▸ **SUPPLIED RECORDS**:

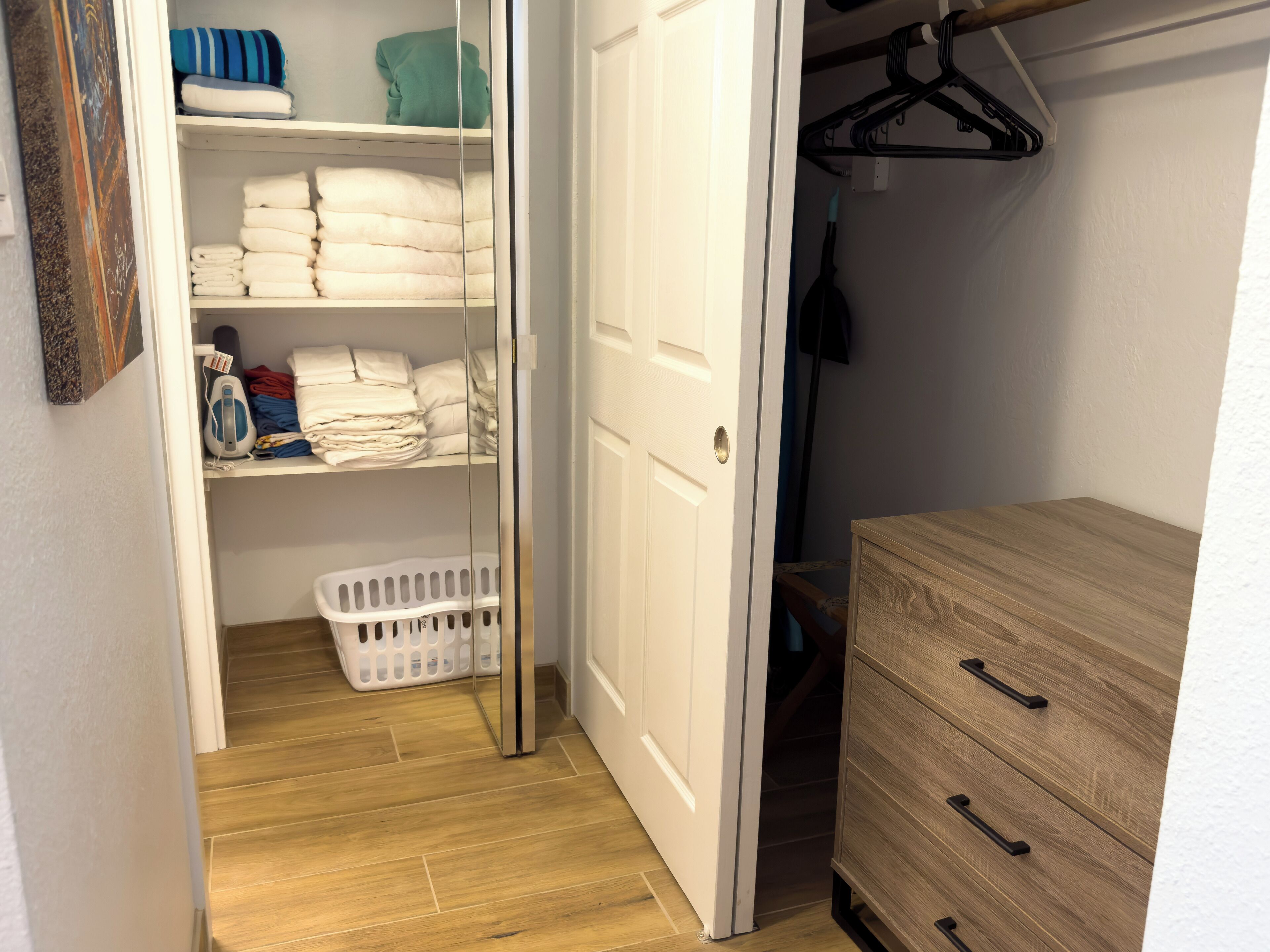 Ein begehbarer Kleiderschrank mit Regalen für gefaltete Kleidung, einem Wäschekorb und einer Holzkommode mit Schubladen.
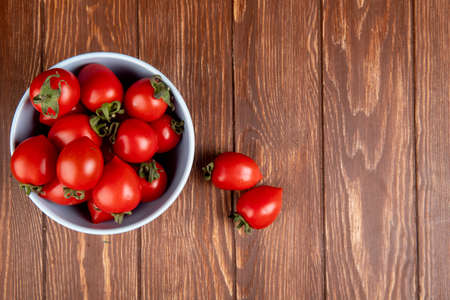 top view of tomatoes in bowl with other ones on left side and wooden background with copy spaceの写真素材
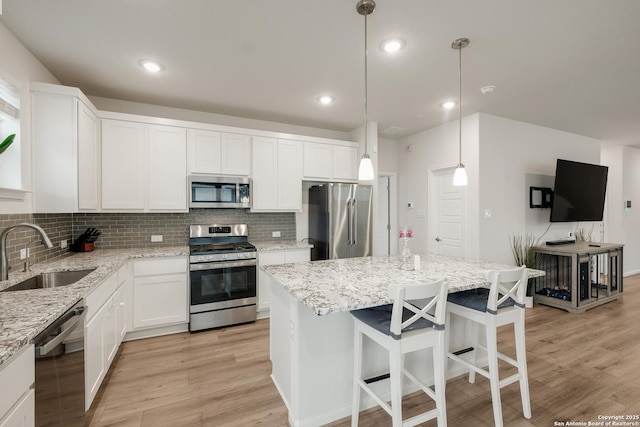 kitchen featuring hanging light fixtures, sink, a kitchen island, white cabinets, and stainless steel appliances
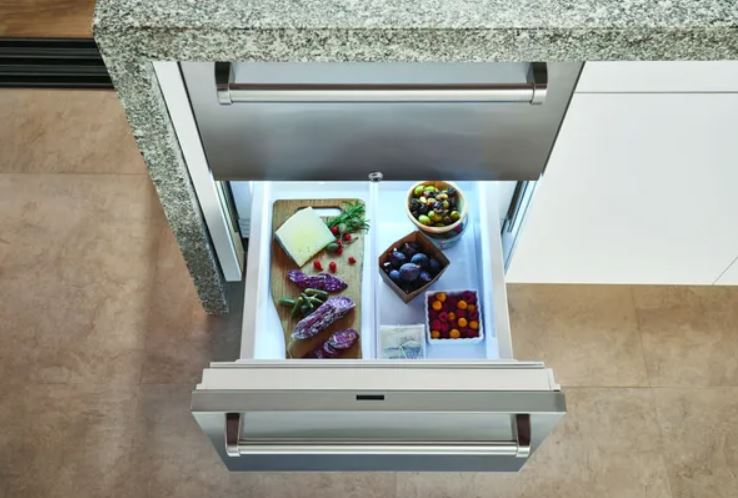 fridge drawers with cheese, olives, and figs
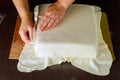 Baker decorating square cake with white fondant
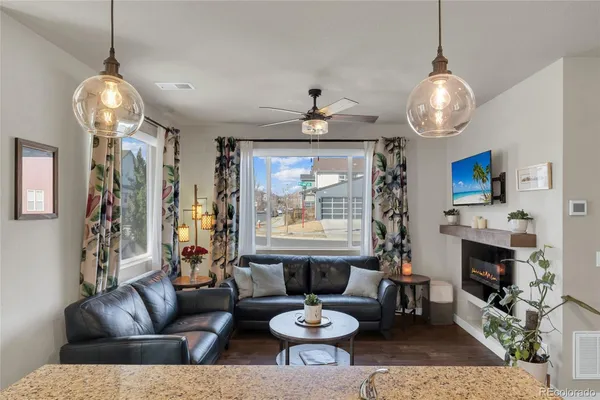 a living room with furniture a fireplace and a chandelier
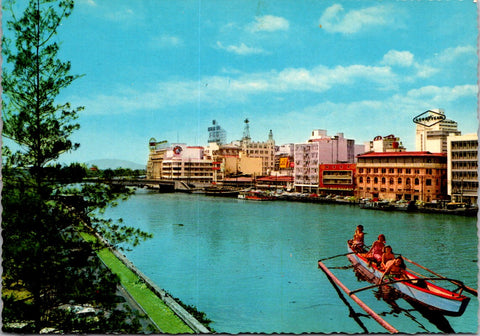 Foreign postcard - MANILA, Philippines - skyline over river, ladies on boat - NL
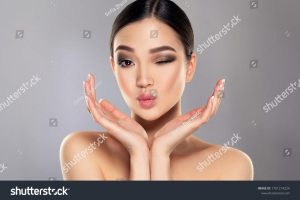 stock-photo-beautiful-young-asian-woman-with-clean-fresh-skin-on-face-oriental-girl-facial-treatment-1751214224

▸ **WORK REQUIRED**: Retype only the lines above from the one with "Baker decorating square" through the last, both ends included, keeping every picture out of the copy.

▸ **OUTPUT FOR THIS TASK**:
 Baker decorating square cake with white fondant
 a living room with furniture a fireplace and a chandelier
 Foreign postcard - MANILA, Philippines - skyline over river, ladies on boat - NL
 stock-photo-beautiful-young-asian-woman-with-clean-fresh-skin-on-face-oriental-girl-facial-treatment-1751214224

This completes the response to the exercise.